By Natassia Chrysanthos and Lucy Carroll
University students who fail half their subjects will no longer be stripped of their government subsidies and loans, with Labor to scrap the contentious Coalition policy in its first major changes to higher education.
The panel tasked with overhauling the university system has told the government that higher education in Australia is “too unequal” and the gap for Indigenous students’ tertiary outcomes is too wide, while long-held concerns about student safety and staff underpayments must be addressed.
Its interim review, to be published on Wednesday, makes five short-term recommendations that Education Minister Jason Clare will enact while waiting for the panel’s final report due at the end of the year. The landmark review will make substantial interventions in long-term challenges facing the sector, such as funding, research and student debt.
One of the most vexed issues surrounds international student enrolments and funding streams. A range of options will be considered, including whether city institutions should pay a levy from their international student revenue that is redistributed to smaller universities.
The first raft of measures the government will announce on Wednesday includes guaranteeing all Indigenous students a Commonwealth-supported university place when they are accepted for study – expanding the measure to city students for the first time.

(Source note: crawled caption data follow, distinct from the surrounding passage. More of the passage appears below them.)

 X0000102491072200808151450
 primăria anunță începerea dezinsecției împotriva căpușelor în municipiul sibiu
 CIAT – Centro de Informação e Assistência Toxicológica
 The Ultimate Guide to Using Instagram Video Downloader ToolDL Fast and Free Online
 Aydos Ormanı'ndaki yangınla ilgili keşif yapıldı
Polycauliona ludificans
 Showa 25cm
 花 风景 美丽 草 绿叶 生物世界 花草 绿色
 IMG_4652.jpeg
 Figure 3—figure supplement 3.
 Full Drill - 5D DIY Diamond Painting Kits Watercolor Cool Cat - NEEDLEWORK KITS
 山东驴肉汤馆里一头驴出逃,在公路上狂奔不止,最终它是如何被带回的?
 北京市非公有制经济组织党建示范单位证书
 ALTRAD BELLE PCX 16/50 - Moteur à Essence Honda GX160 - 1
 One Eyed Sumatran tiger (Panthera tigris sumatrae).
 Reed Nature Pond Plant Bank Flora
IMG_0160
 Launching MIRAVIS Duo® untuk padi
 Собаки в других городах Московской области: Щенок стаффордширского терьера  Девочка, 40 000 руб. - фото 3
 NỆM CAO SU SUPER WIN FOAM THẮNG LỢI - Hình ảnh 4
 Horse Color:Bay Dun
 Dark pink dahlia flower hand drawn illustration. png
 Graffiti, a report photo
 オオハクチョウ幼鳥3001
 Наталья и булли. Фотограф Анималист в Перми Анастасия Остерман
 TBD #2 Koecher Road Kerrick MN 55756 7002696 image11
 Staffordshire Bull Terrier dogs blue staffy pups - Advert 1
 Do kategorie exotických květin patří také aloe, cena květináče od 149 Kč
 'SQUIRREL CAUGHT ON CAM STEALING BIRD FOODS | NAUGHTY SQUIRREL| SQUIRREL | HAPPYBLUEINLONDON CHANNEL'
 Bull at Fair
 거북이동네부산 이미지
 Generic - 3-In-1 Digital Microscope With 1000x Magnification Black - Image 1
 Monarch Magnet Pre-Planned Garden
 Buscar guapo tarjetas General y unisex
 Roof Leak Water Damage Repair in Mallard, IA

Local councils will bid for one of 34 new regional and suburban study hubs that will open around the country, while the government’s higher education funding arrangements will be extended from the end of the year until 2025 while the major reforms are finalised.
State and federal governments will also work together to change the make-up of university governance boards and install more people with higher education experience.
Clare will give a speech to the National Press Club on Wednesday to outline the case for change, making clear the government wants its higher education changes – slated to be the biggest in a generation – to increase enrolments and boost participation from students from disadvantaged backgrounds.
He will cite figures that say the number of university students will double from 900,000 today to 1.8 million in 2050 because most new jobs will need a TAFE qualification or university degree.
“Now that’s a rough estimate, but it gives you an idea of the skills challenge we face. And what this report says is the only way to really do this, is to significantly increase the number of university students from the outer suburbs and the regions,” an extract of his speech says.
‘When you drive around Western Sydney, you see a lot of McDonald’s logos and KFC logos, you don’t see a lot of university logos. If you can’t see it, you can’t be it.’
Education Minister Jason Clare
“Students from poor backgrounds. Students with a disability. Indigenous students. If we don’t, we won’t have the necessary skills and the economic firepower we need to make this country everything it can be in the years ahead.”
The decision to cut off access to university loans and subsidies for students who fail half their subjects was made by former education minister Dan Tehan as part of the Coalition’s controversial Job-ready Graduates laws, which also lifted fees for humanities subjects and slashed them for science subjects.
Peak body Universities Australia has called on the Albanese government to scrap the 50 per cent pass rule – which it described in its review submission as both “punitive” and “unnecessarily harsh” – because it was most likely to affect students from low-socioeconomic backgrounds.
The interim review said the rule had “disproportionately [disadvantaged] students from equity backgrounds” and should be replaced by more thorough reporting on student progress. It also flagged that other parts of the Coalition package should be reformed.
The universities accord panel, undertaking the first major review of the higher education sector since the Bradley Review in 2008, received a total of 312 submissions from stakeholders.
“The review believes that bold, long-term change is required to fulfil the mission of higher education in Australia. Change in the sector must be significant. Complacency cannot be tolerated,” its interim report said.
Clare said a focus would be ensuring more young people from outer suburbs “get a crack at university”.
“Growing up in Western Sydney, university felt like a place that was somewhere else for someone else. When you drive around Western Sydney, you see a lot of McDonald’s logos and KFC logos, you don’t see a lot of university logos. If you can’t see it, you can’t be it,” he said at a press conference on Tuesday.